How to use Dask to overcome out-of-memory problem?

Dear all,

My name is Hieu and I am a Ph.D. student. I am currently handling huge time series data and want to apply library Dask to reduce the size of my data. My data is 15 multivariate time series, each with eight variables, the lengths of each one are about 1.5 million time points. I used sliding windows and my approach to analyzing the time series is Topological data analysis.

I generated geometric features from the time series, and new geometric features consumed a lot of memory. I tested my experiment on some high-performance computers with really good configurations (1024G of RAM), but I still faced the problem of out-of-memory.
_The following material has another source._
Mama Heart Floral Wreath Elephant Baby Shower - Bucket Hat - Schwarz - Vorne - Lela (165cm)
I also try to apply library Dask by converting from the input’s normal data frame to the Dask dataframe (before applying geometric transformation). The first time the code ran well but the second time I faced the same problem of out-of-memory. I also attached my code here.

import dask.dataframe as dd
ddf_x = dd.from_pandas(norm_x, npartitions=500)
ddf_y = dd.from_pandas(norm_y, npartitions=500)
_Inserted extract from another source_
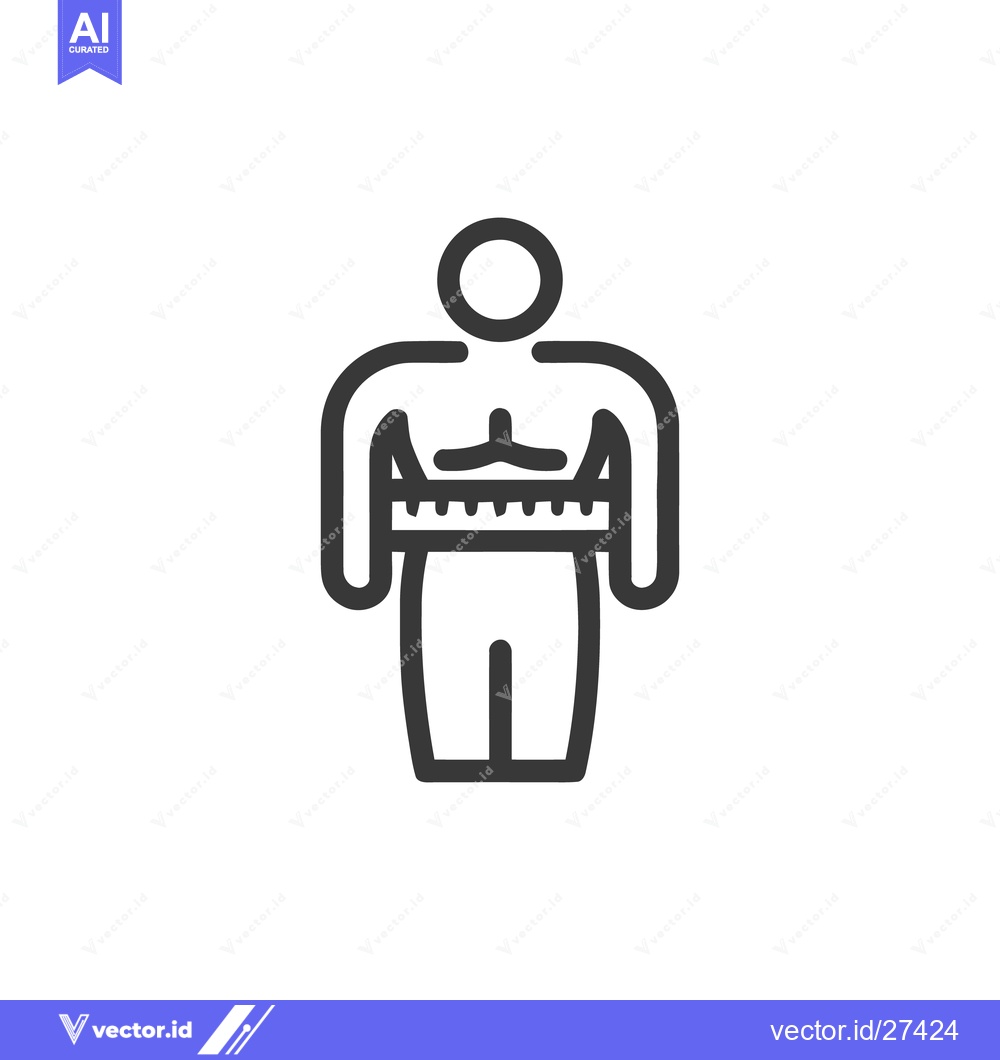 Premium Vector dari Minimalist Icon: Person Measuring Waist with Tape Measure, Weight Loss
Please suggest some better ways to use Dask to overcome my current problem.

Please support me. Since the crash happen again, then my account to access the high-performance computers will be disabled. But I really need this account to test my experiments.

Thank you very much.
Regards,
Hieu

I attached here an image that shows the memory usage of my code in the high-performance computers, the white part is when Out-of-memory Killer happens.

jupiter3_outmem24dec22

Hi @hieutv85, welcome to the forum!

First the code snippet you provide is a little too short to understand well what you are trying to do with Pandas and what is your current Dask code. Could you detail this a bit?

If you do ddf_x = dd.from_pandas(norm_x, npartitions=500) It means you first read the DataFrame with Pandas before converting it to Dask, so you load all your input data in memory, this is not what you want.

Instead, you should directly use Dask to read your input data, and apply transformation and reduction to it before either saving it back to disk or converting it to Pandas. But again we need some more code to be able to help you better.

See:

And also

for some good tips to get started.

Hi @guillaumeeb

Thank you very much for your support. I already read the two attached documents. It is helpful.

My code is long and include some parts which are reading file to data frame, preprocessing, removing some unused data, and several steps of converting from normal data to new form of data. So I do not sure what part should I provide.

Regards,

What we need to help you is the minimal version of your code which reproduces the issue.

You need to identify at least where it failed. We can help you then with the why and fix.

If you cannot do that, please at least provide some code explaining how you read the data, some processing example and the final step when you launch the computation or try to write a result.

Hi @guillaumeeb,

Could you please allow me to have your email?

My code is related to my publication and I haven’t published it yet. So it will be much better if I can provide it privately. Please understand.

Thank you very much. I appreciate your support and your fast replies.

Couldn’t you try to extract some key part of the code? I won’t be able to go through all your code to analyze it. I would need some minimal reproducer to be able to help.

You can send me a private message through this forum, but if the code is to complicated, I won’t be able to help.

Thank @guillaumeeb. I already sent you a message with key part of the code.

So after private discussion with @hieutv85, it appears that the issue is because he is using giotto-tda library. This library is not Dask compatible, in the sense that it can take advantage of Dask DataFrame or Dask Array. It does not implement any partial_fit method.

Rather than that, it relies on check_array method from ScikitLearn. This method, if given a Dask Array, will just convert it to a Numpy one, loading all the data into a single server memory. So it is pointless to try to use Dask here.

If giotto-tda is a must have, then the optimization should be done elsewhere: reduce the size of the input dataset, taking a sample, taking just a part. Also verifying nothing useless is kept into memory, cleaning a bit the code and freeing Python objects that are of no use, avoid multiplying objects. Also, try to read only the column really needed in the Pandas dataframe.

Thank you very much for your support @guillaumeeb.

1 Like